As American universities in California and across the nation grapple with whether their policies towards sexual assault on campus are adequate, and why 60 percent of rape and sexual assault victims keep silent, my case may shed light on these questions.
I was raped in my college room at the age of 20. I did not report it to the police and now, 18 years later, I am facing murder charges and the death penalty for the death of my assailant. All because I did not turn to the police after I was raped.
I turned to the college nurse but I got no help and the incident was not officially recorded in college records. I could not turn to my family, feeling that I had disappointed them once before. My father had sexually abused me for seven years starting at the age of 5. When he was exposed, I was made to feel ashamed. That shame stayed with me, quickly turning into a deep sense of guilt and humiliation. During the formative years of my childhood, I had learned to submit in order to survive, and this made me vulnerable for the rest of my life.
In college, it happened again. Despite struggling with him, I could not stop a man from taking me against my will by direct force. At 4'9" and weighing 95 pounds, he found it easy to overpower me. When it was over, the outside world stopped to exist. I could not hear or think. I was alone, distressed, and with no options.
I could not turn to my family, and to my misfortune, a man I had dated for a few months came to visit me, attempting to rekindle the relationship. I tried to keep the horrible incident to myself. But the rape opened up an old wound that had not healed, taking me back to times of helplessness and submission as a child. When this man arrived he noticed my distress and was sympathetic. He pressed me for hours until I broke down in tears and recounted the details. He became enraged, however. He wanted me back in his life and I had been damaged, dishonored, to him. He bullied and blamed me for it.

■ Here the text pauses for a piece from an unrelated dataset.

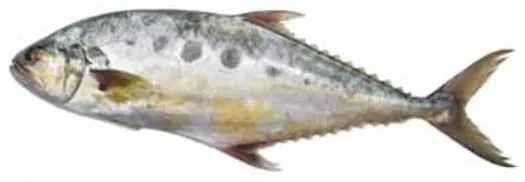 Fresh Bazar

One horrible night, he and a group of his friends proceeded to take matters into their own hands. I was whisked away by one of his friends while the others physically assaulted the man who raped me. I was warned that if I turned against them a worse fate would await me. I was trapped, outnumbered by three older men, one of whom had a gun, and two women who accompanied them. I was miles away from my home. I had no access to a phone or a car and did not know how to drive then. When I was finally taken home, I was told they had released my assailant. Weeks later, I found out he had been killed, however. The nightmare would not end there, another of the men, who threatened me that night and recently died in a shoot out with the police, wanted to ensure I would remain quiet, so I was pressured to marry the man I had dated so that I could not be made to testify against him.
In the following 18 years, I tried to rebuild my life. I went back to college and earned a PhD in Psychology. I had an opportunity to work on mental health at the World Health Organization in Geneva, and soon after, got a job as a Psychology professor. Last year, while traveling to the USA, I was arrested abruptly, disappearing from my daughter's life for two months. I was eager to cooperate with the authorities and remove the black cloud hanging over me.
But once again, my trust was violated. The District Attorney claimed they "were not interested in me"; that "I was not a target." I cooperated fully and without restraint, as I wanted to help them solve the case. They used my information to crack a case they could not solve for 18 years and were finally able to arrest the main suspects. Yet, they continue to charge me with murder despite having clear evidence that I did not participate in the killing.
My lifelong struggle to rise above shame and humiliation continues as I am portrayed as a murderer. I have done everything to help build the District Attorney's case because justice should be done: a man's life is never to be taken by another human being, under any circumstances. I want to raise my four-year-old daughter in a world with justice; where she can feel safe to trust others and have that trust be cherished and valued -- not violated.
My situation is a striking example of how inadequate college campus policies placed me at the mercy of others' bullying and intimidations. I needed protection when I sought out the nurse, but I didn't receive it and others took advantage of my distress.
If we need support, comfort and protection, why do victims do not report rape or sexual abuse to the authorities? Non-reporting is pervasive and it cuts across race, professional status, and economic levels. We recently heard of the prominent, high-powered women who did not come forward when the ex-mayor of San Diego assaulted them. What stops us, victims, from reporting is more than the shame. Rape and abuse are not only a violation of your body, but a violation of the trust you place on another human being. I trusted my father. For a fleeting moment, I trusted my rapist, letting him into my room. Then, I trusted the man I dated. Now, I have trusted the prosecutors.
The Orange County District Attorney's decision on whether to pursue charges against me will send a powerful message to women on where they stand in the eyes of the justice system. The justice system needs to assuage victim's fears that no one will believe them and that they will be further humiliated. Orange County has the opportunity to convey that message of trust to women by dropping the charges against me.